ActuaLitté : La revue Bibliodiversité, que Double ponctuation et l’Alliance internationale de l’édition indépendante co-éditent, consacre son dernier numéro à la précarité chez les éditeurs indépendants. Pourquoi ce sujet ?
Étienne Galliand : Avant toute chose, il faut peut-être définir ici ce que nous entendons par précarité. Il ne s’agit pas ici de la précarité aiguë qui touche tous les aspects d’une vie, celle qui remet en cause les besoins fondamentaux de l’être humain. Il s’agit plutôt de la précarité économique et professionnelle. Il nous a semblé essentiel de traiter ce sujet dans le cadre de la revue Bibliodiversité car nous entendons beaucoup parler autour de nous de maisons d’édition indépendantes qui sont de plus en plus précaires.
En plus de cette évolution, nous avons constaté qu’il manquait des ressources sur cette question. Par ailleurs, notre positionnement (à la jonction du monde universitaire et des professionnel·le·s du livre) nous permet de développer différents angles d’approche de la thématique. Enfin, la dimension internationale — comme toujours dans la revue — n’est pas absente, avec des prises de paroles de professionnel·le·s rares — comme ce témoignage de Zulfa Adiputri des éditions Penerbit Hujan & Bumi en Indonésie.
Quelles sont les causes principalement avancées pour expliquer cette précarité ?

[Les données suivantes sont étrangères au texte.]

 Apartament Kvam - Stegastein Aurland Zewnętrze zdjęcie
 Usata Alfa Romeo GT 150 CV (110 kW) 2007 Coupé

Étienne Galliand : L’édition indépendante, à la différence d’autres formes éditoriales, ne se base pas à la création de la structure sur une recherche de rentabilité avant tout. Au contraire, elle est fortement marquée par la quête d’un capital symbolique (pour reprendre Bourdieu), voire par une pensée « missionnaire » — qui ancrent bien souvent les maisons indépendantes dans une logique d’offre. Dit autrement et en grossissant le trait, je deviens éditeur ou éditrice indépendante car j’ai une cause à défendre ou une vision de la littérature particulière, qui doit être proposée au public dans l’intérêt général et qui mérite que l’on fasse quelques sacrifices.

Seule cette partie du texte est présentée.